All pictures are to be dropped, and everything else in the data duplicated exactly.

▸ **Collected material**:

--- START ---

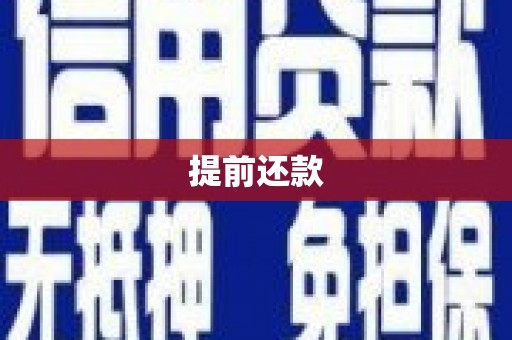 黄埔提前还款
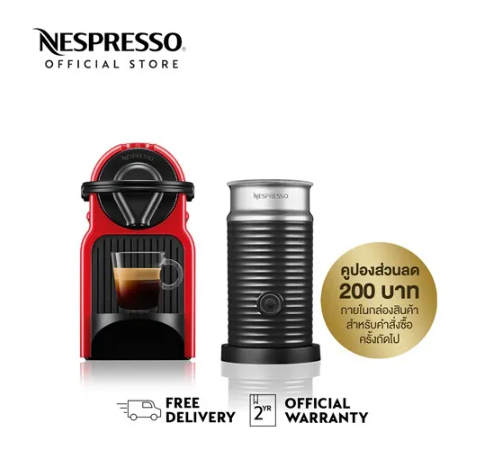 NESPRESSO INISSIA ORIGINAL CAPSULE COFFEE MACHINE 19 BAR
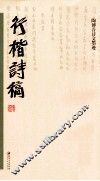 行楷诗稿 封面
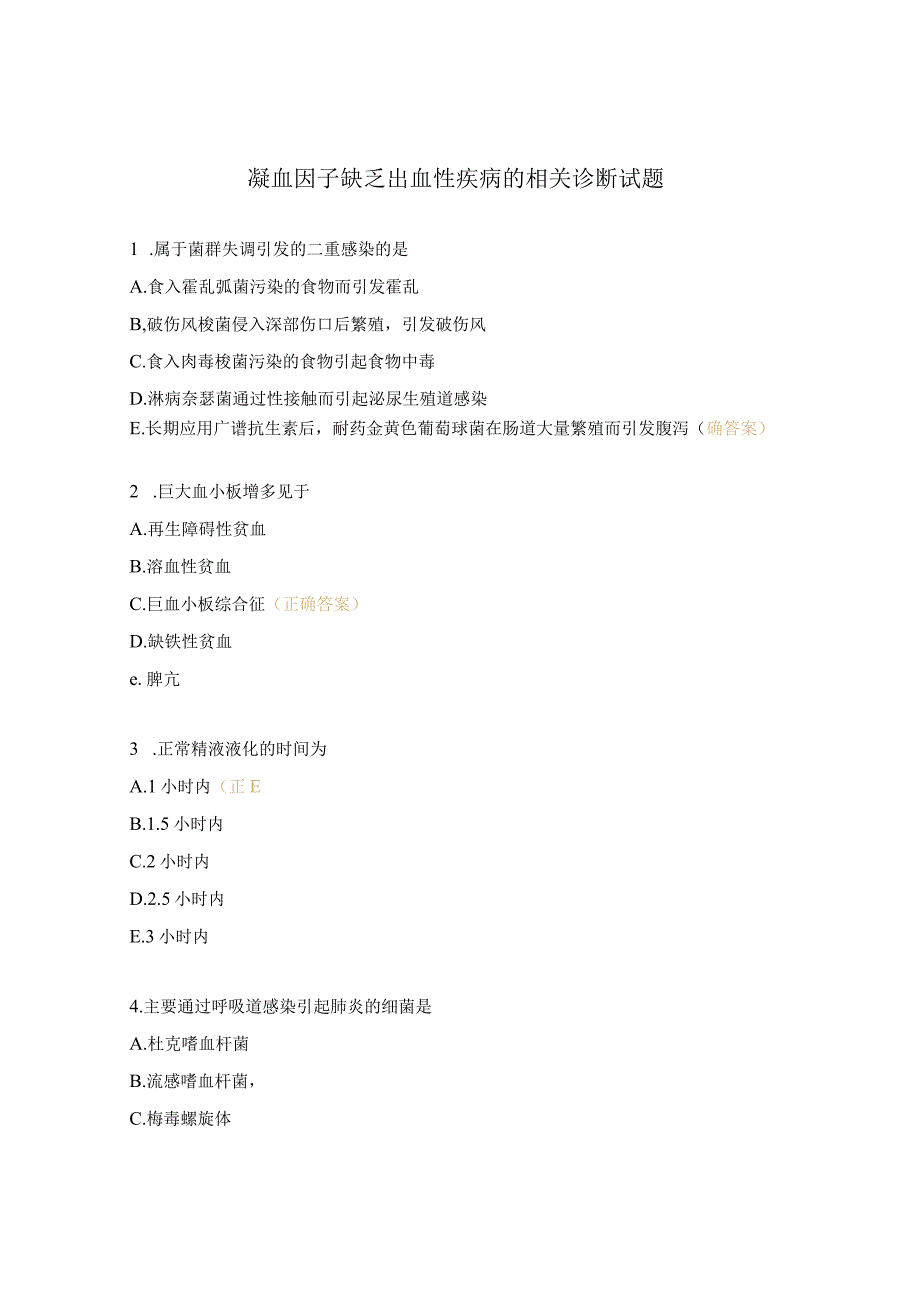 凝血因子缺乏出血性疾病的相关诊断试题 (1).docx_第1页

--- END ---

▸ **Output of the exercise**:
 黄埔提前还款
 NESPRESSO INISSIA ORIGINAL CAPSULE COFFEE MACHINE 19 BAR
 行楷诗稿 封面
 凝血因子缺乏出血性疾病的相关诊断试题 (1).docx_第1页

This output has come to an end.